Dollhouses are magical places to little girls. Everything is miniature and capable of a lot of imaginative play. If you build a dollhouse from scratch, you can go as real or as imaginary as you want. One example is adding actual working lights to the dollhouse. You might wonder how this is possible, given that you cannot plug a dollhouse into the wall or install a dollhouse around a full-sized outlet in your own home. Here are the supplies you will need and how each works to light up a dollhouse:

Electrical Conductivity Tape

This is a tape that can be cut to fit almost any space and used in any hobby project. When you pull the tape away from the protective plastic side, it reveals two strips of copper-backed flattened metal foil. This has to run from the junction splice (a tiny white power box for dollhouses) to all of the places in the dollhouse where you want to install lights.
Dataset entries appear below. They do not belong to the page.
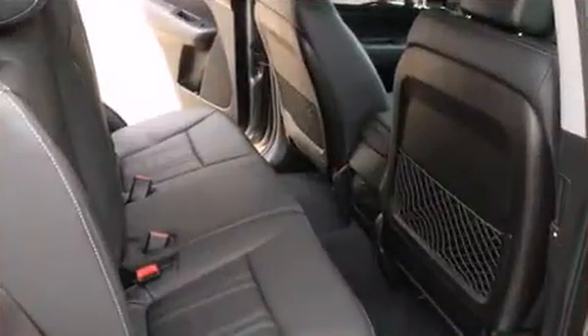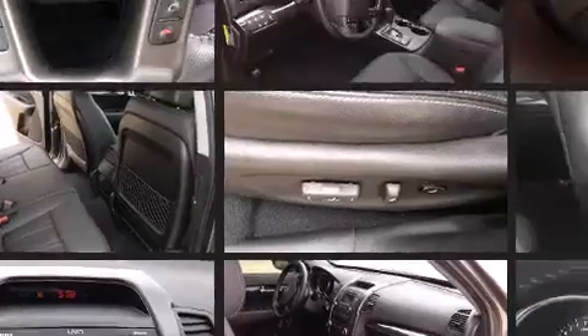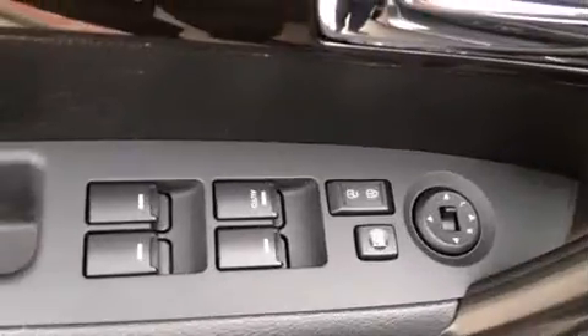Kia also prioritized safety and security by including dual front impact airbags with occupant sensing airbag, front side impact airbags, traction control, anti-whiplash front head restraint, a panic alarm, and four-wheel disc brakes with ABS.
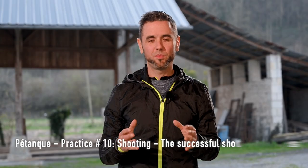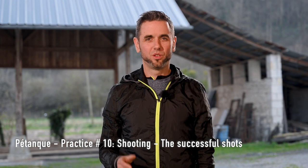What's the vocabulary for successful shots? The first one is the direct hit. It's simple: you decide to shoot and you hit the bull.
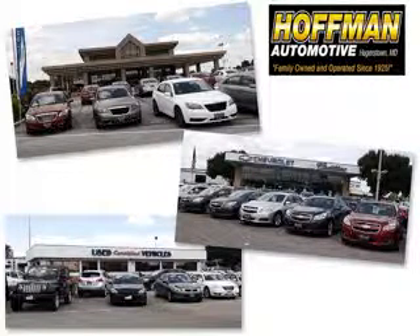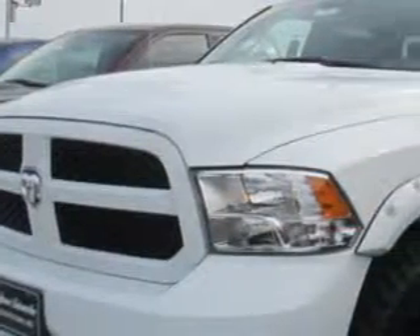We are a family-owned and operated business serving all your Chevrolet, Cadillac, Dodge, Chrysler, Jeep, Ram, and pre-owned vehicle needs since 1925. Hoffman Automotive knows you want more in a car. You expect the best from your vehicle.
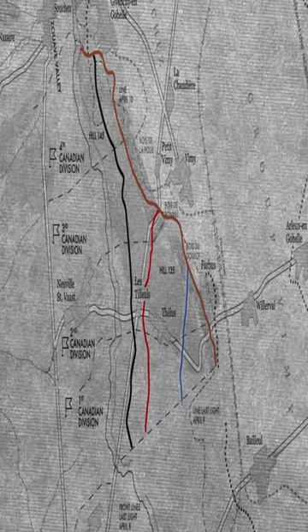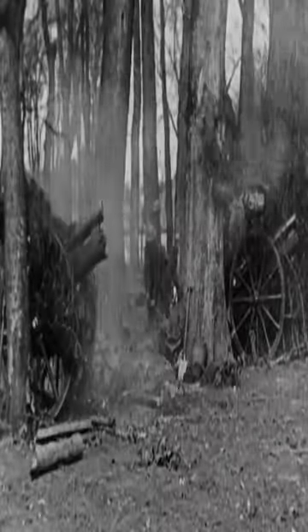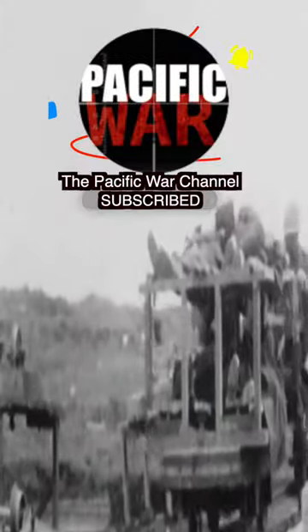During the Battle of Vimy Ridge on Easter Monday of April 9, 1917, four Canadian divisions made a Creeping Barrage advancing 100 yards every three minutes. This allowed them to charge with machine guns and hand grenades, taking out the Germans in four days.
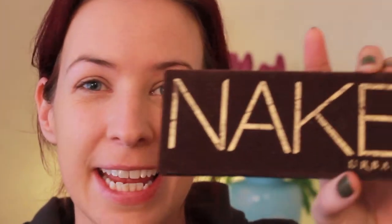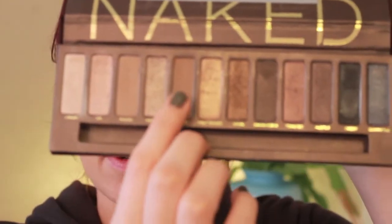Next, move on to your eyebrows. As usual, I'm using my Urban Decay Naked Palette and I use the shade Buck, which is this one here. It's a dark matte colour. I'm just going to speed this up because it's the normal way that I just fill in my brows.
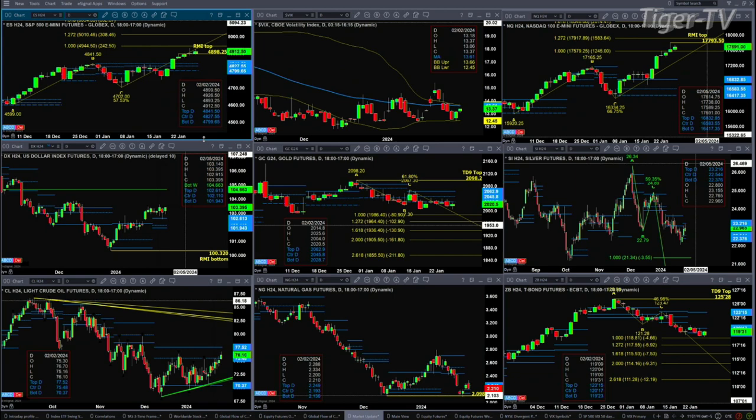Silver ought to do the same. Right now we've got silver consolidating within its profile. It has resistance at $23.21 and support at $22.37. A close below $22.37 and we're looking at $21.34 at a minimum.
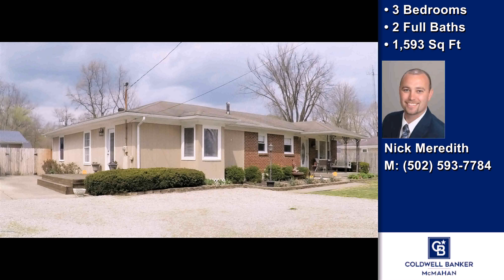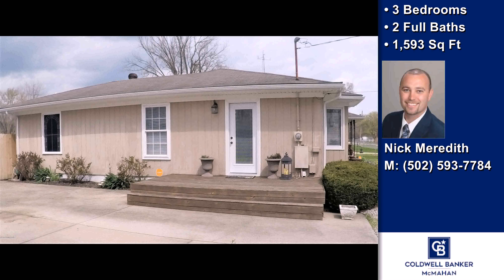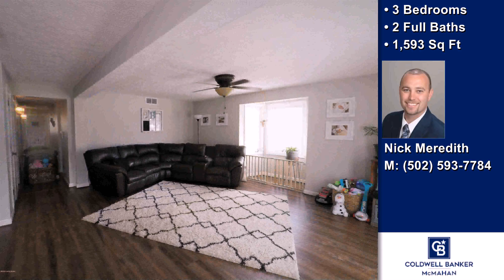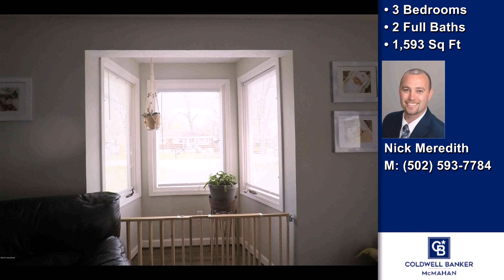On the outside, this property features an above-ground swimming pool, a patio, a deck, a shingle roof, and a brick exterior finish. The approximate square footage is 1,593 square feet.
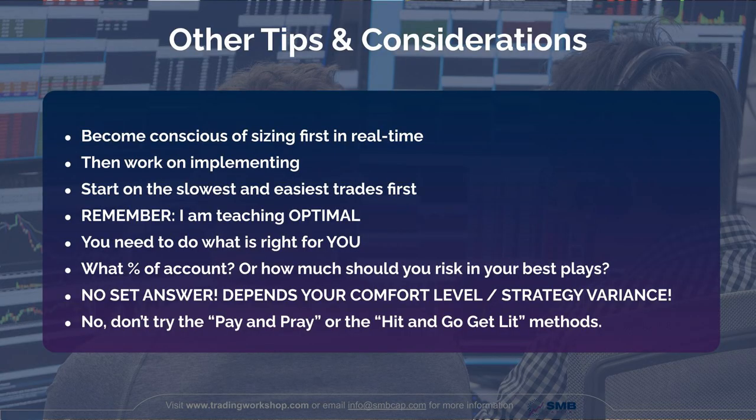I'm teaching you what I believe to be the optimal method, but at the end of the day you need to do what is right for you. Not everybody wants to bet big or add skew in their trading. As for what percent of your account you should be risking in your best plays — I can't answer that; there is no set answer. A lot depends on your personal comfort level and the variance of your strategies. If you've got a strategy that wins 99% of the time, that allows you to bet much bigger than if the strategy only hits 10% of the time.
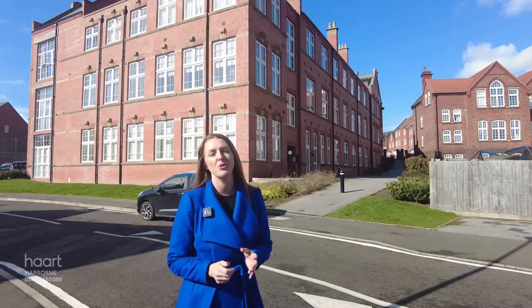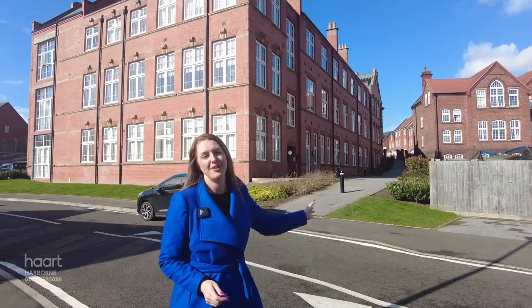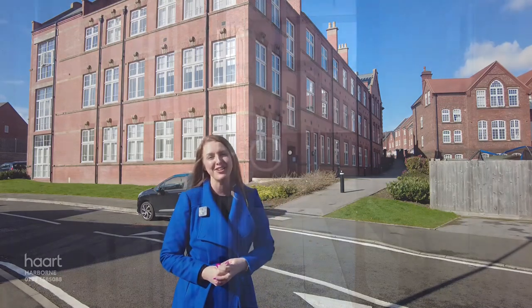Hi, I'm Crystal from Heart Estate Agents in Harbour, and I'm delighted to welcome you to Crockett's Lane in Smethwick. I'm going to show you a one-bedroom ground-floor apartment situated in this beautifully converted development behind me, known as the Saddles. The reason I'm starting to the rear of the development is that it overlooks Victoria Park, which I'll show you shortly — but before we do that, let's go inside and take a look.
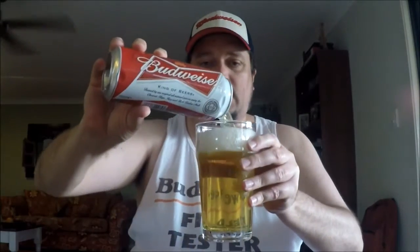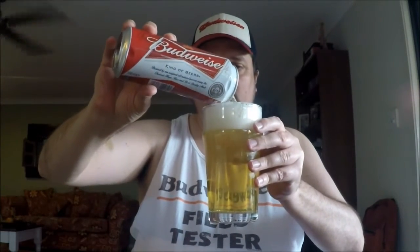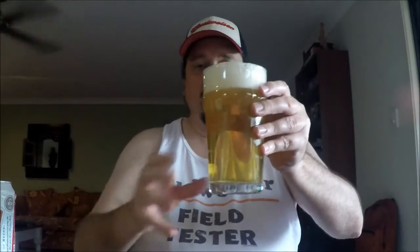Let me just top this up — I'll get the remainder of the can out. So we've talked about the appearance, which means it's time to have a sniff of this and see what the aroma is like.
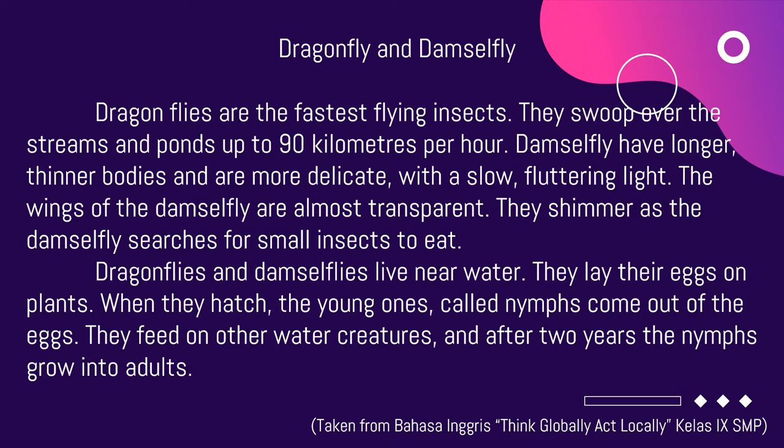Dragonflies are the fastest flying insects. They swoop over streams and ponds at up to 90 km per hour. Damselflies have longer, thinner bodies and are more delicate, with a slow, fluttering flight.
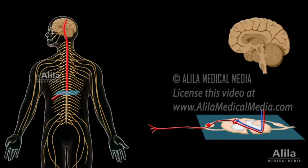Second-order neurons cross over before ascending to the brain. This is how information of pain on the left side of the body is transmitted to the right side of the brain, and vice versa. There are two major pathways that carry pain signals from the spinal cord to the brain: the spinothalamic tract.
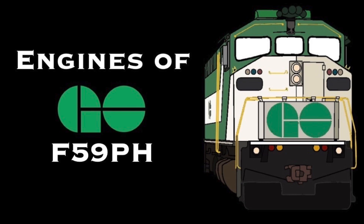What's up guys? Today on this episode of Engines of Go Transit, I'll be talking about the F-59PH.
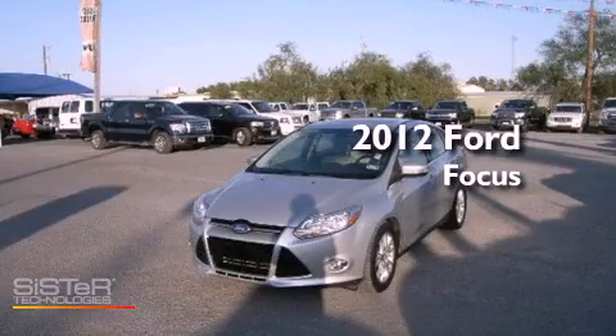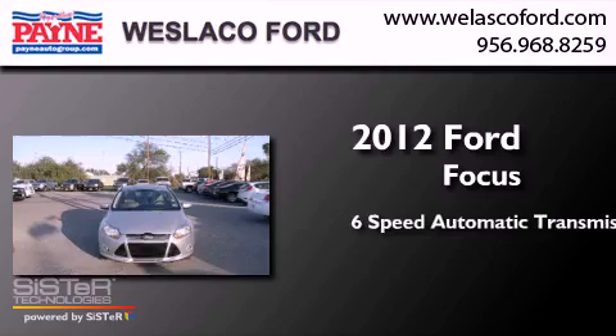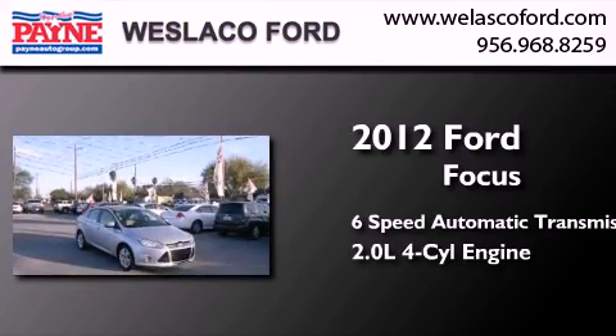This is a 2012 Ford Focus. This car has a six-speed automatic transmission and an inline four-cylinder engine.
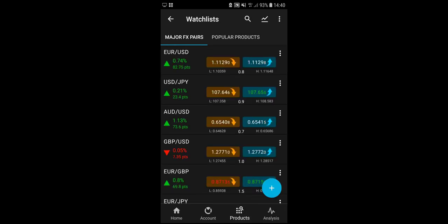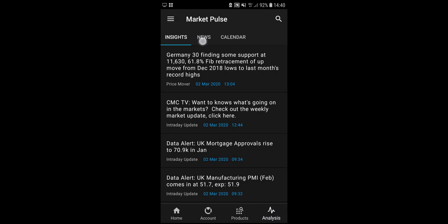The CMC Markets mobile trading platform is very impressive and simple to use, with wide access to many different markets and a lot of functionality. There's also an Analysis tab with access to insights, news and calendar. That wraps up this FX Empire review of CMC Markets — I hope you found it valuable and wish you all the best with your trading.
A single, low voltage roll that is no wider than an inch is sufficient.

A Small Lamp Tester

Small lamp testers are the perfect size for this project. It has the two end pins that can be set on top of the electrical conductivity tape's two copper strands to see if the tape is conducting power. Normally, it would be used to check the wires in a full-sized lamp that needs repair, but here it doubles as a power tester for the presence of electricity in your dollhouse.

Teeny, Tiny Brass Brads

Teeny, tiny brass brads help you cross-connect electrical junctions in the dollhouse so that you can get adequate power to the dollhouse outlets and lights in the ceilings. Brass also conducts electricity, so these brads are doing double duty too. Make sure the power pack to the dollhouse is turned off, even though the tiny shock you would get is no more hurtful than shock from static electricity. The real problem would be overloading the tape and power pack, thereby blowing it and making it non-functional.

Other Electrical Supplies You May Need

While they are not necessary, you may want a small gauge wire splicer and/or thin wire to make connections. Sometimes you might need to extend wires for the dollhouse lights an inch or two, and the splicers and additional wire can help. If you have an excellent electrical layout design for the dollhouse already, these supplies may not be needed.